You become a convenient friend and fuck-buddy and nothing more.
Until she grows tired of you, and decides that you should both come to an amicable break-up point, as she feels it just isn't going to work, she doesn't have it in her for a relationship anymore - she needs her space, she wants to go off and do new things, you understand don't you?
Yes, you say. I sensed it a while ago.
You hug and go your separate ways. You hurting for a while, then toughening up again and going through a long period of solitude and distant un-connected friendships with random people.
Hoping. Hoping that one day it will be different.
---
2) An Empasse with M (2008)
At the moment, I am at the feeling lonely in the relationship stage - realising that I want far more out of us than my lady is capable of giving, that I want far more stability and together time than she can give or focus on right now.
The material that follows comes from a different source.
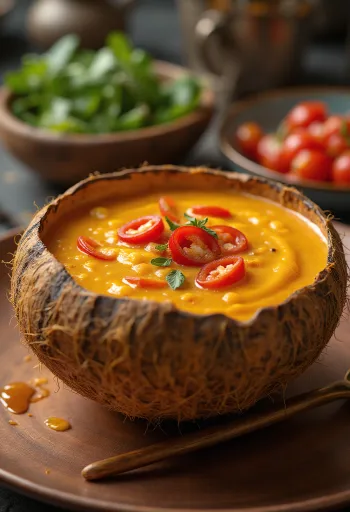Sauce coco-chili épicée dans un bol, avec coriandre fraîche et tranches de piment.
Realising that she will be leaving me pretty soon to go and work overseas, and being told that when she is away from me she doesn't miss me, as that is just how she is. Wanting to cry when I think of how lonely I feel, and how much I just want to have someone to hold, and someone who contacts me out of the blue and tells me they're looking forward to seeing me, can't get enough of me, loves me as much as I deeply love them, and wants me for me, where I'm not the inconvenient someone that they *have* to think about calling because they feel sorry for me or worry about neglecting me, as one would a plant one forgets to water every now and then.
I realise I'm alone again in my heart. It hurts right now. But I have learnt some good things from this brief relationship too. I will be there for her as she needs me, and step nicely aside when she is done and goes abroad without a backwards glance as she has told me she will eventually and without missing me. Hopefully this'll toughen me up for what's to come. Though I hope this karma turns around soon, and I have some easy years coming up.
I'm not sure I like these scars that are growing around my far too sensitive heart.